I know this list isn’t complete. And some of the priorities are weirdly skewed; but then, everyone who makes one of these laments says it as if it were the worst problem in the world.

Some of them are pretty bad. Some of them aren’t even problems.

There are a lot of Mormon parents who believe that as long as they have attached all the Plug-and-Play peripherals into their children’s lives, everything should run according to the parents’ plan, and when it doesn’t they think they’ve been cheated.

Here’s the eternal law that parents should always keep in mind:

Your obedience does not limit your children’s moral agency in any way.

One child will embrace a peripheral and take it willingly into his life; another will regard it as a terrible burden and resent you for forcing it on her. The difference may be in the way you presented it; but most likely the difference is in the eternal intelligence that came with the child. The eternal, uncreated intelligence that is your child.

They get to make their own choices.

All you can do is offer teaching and experiences that will give them a chance to know, and choose, righteousness.

But sometimes they need to find their own path to righteousness. And sometimes what you call “righteousness” they call “horrible idea that has nothing to do with the gospel.” And sometimes they’re right and you’re wrong.

It’s possible to be a good Latter-day Saint and have such horrible stage fright that you never, ever give a talk. It’s possible to have no interest in EFY/Scout Camp/Girls’ Camp/Youth Conference and still grow up to love the gospel. It’s possible to go to college somewhere that isn’t BYU, or major in something without a clear career path, and still have a happy, productive life.

And even if the bad thing they’re doing really is bad, it’s between them and the Savior who atones for our sins. If you compel obedience, it isn’t obedience. If they need to repent, you can’t do it for them; they must walk that road without you.

As parents, we model ourselves on our Father in Heaven. He rears his children without the least degree of compulsion. He allows them to make mistakes. But he always holds the door open for them to return, and forgives them for all the neglect, disobedience, and disrespect that happened along the way.

If he, with perfect knowledge of what’s good and right, can be so forgiving and loving to his imperfect children, shouldn’t we, in our ignorance and with our many errors, also be willing to give our children the benefit of the doubt, and look at them with hope and tolerance, forgiveness and love?

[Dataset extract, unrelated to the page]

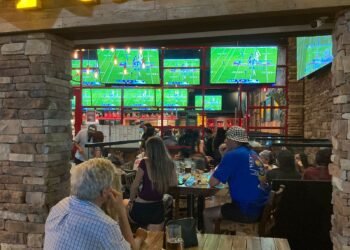 La afición prefirió el sofá: Restauranteros no logran repunte con el Súper Bowl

By all means, plug-and-play all the peripherals that you believe will help. But in the long run, kids are their own quirky selves, and they’ll do what they want. The Church and the gospel didn’t fail you. Your kids didn’t fail you. They might have failed themselves — but in the long run that’s between them and God.

Just keep the door open and the light on. And forgive them for the pain they cause you; truly, they know not what they do.